■ **Data for the task**:
* * * *

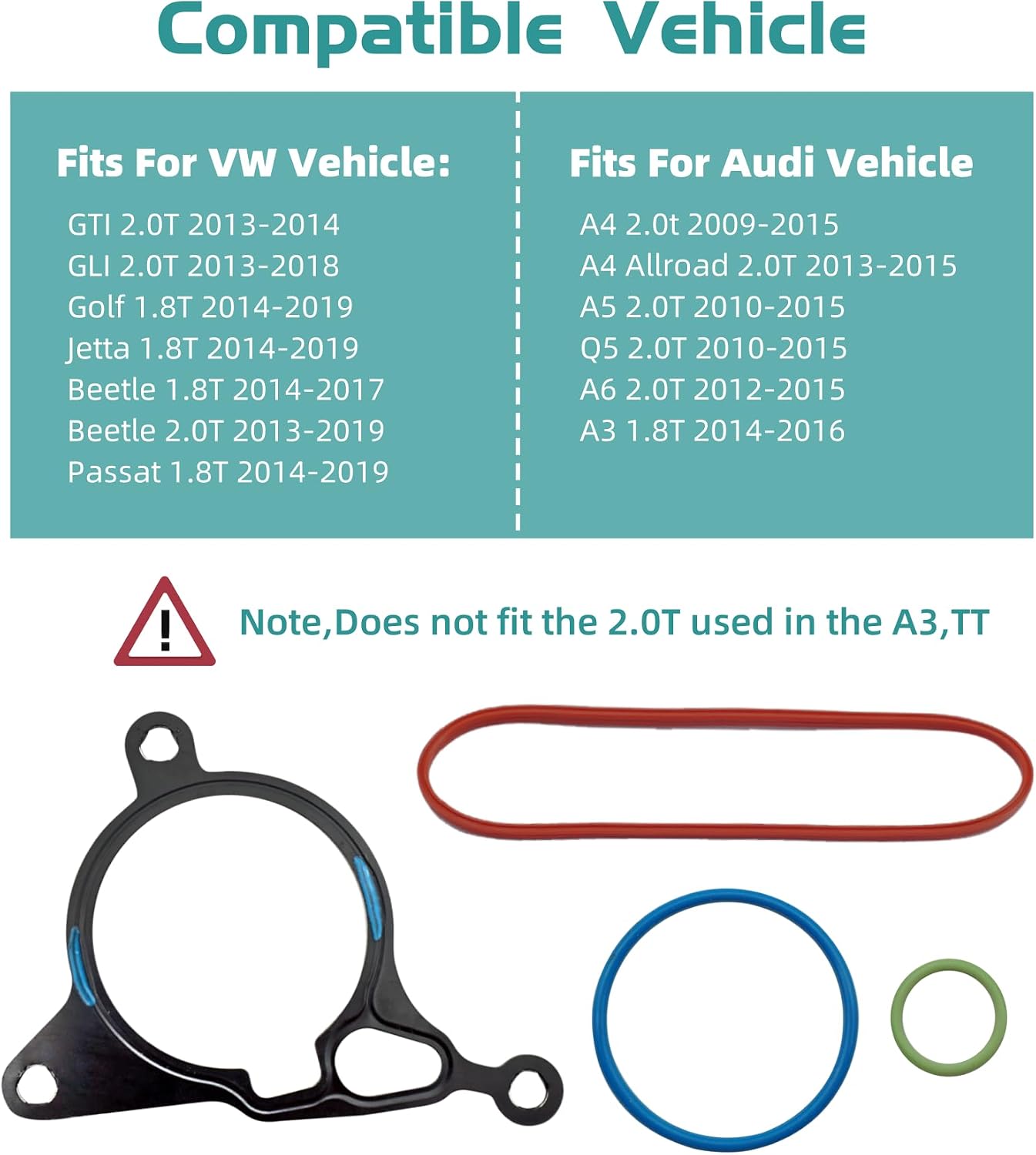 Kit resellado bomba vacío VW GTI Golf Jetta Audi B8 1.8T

* * * *

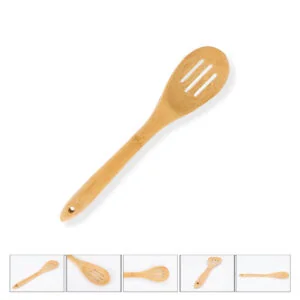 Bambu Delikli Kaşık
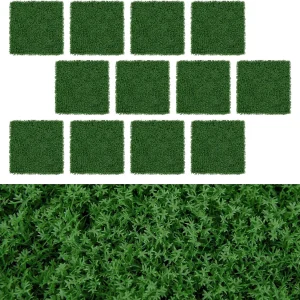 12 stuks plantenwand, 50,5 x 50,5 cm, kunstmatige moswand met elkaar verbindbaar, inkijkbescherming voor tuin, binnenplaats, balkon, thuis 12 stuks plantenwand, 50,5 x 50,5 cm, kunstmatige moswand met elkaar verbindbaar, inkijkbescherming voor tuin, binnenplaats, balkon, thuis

* * * *

■ **Exercise brief**:
Starting at the line containing "Bambu Delikli Kaşık" and stopping at the line containing "balkon, thuis 12", output every line above exactly, both ends included, with pictures omitted.

■ **Reply**:
 Bambu Delikli Kaşık
 12 stuks plantenwand, 50,5 x 50,5 cm, kunstmatige moswand met elkaar verbindbaar, inkijkbescherming voor tuin, binnenplaats, balkon, thuis 12 stuks plantenwand, 50,5 x 50,5 cm, kunstmatige moswand met elkaar verbindbaar, inkijkbescherming voor tuin, binnenplaats, balkon, thuis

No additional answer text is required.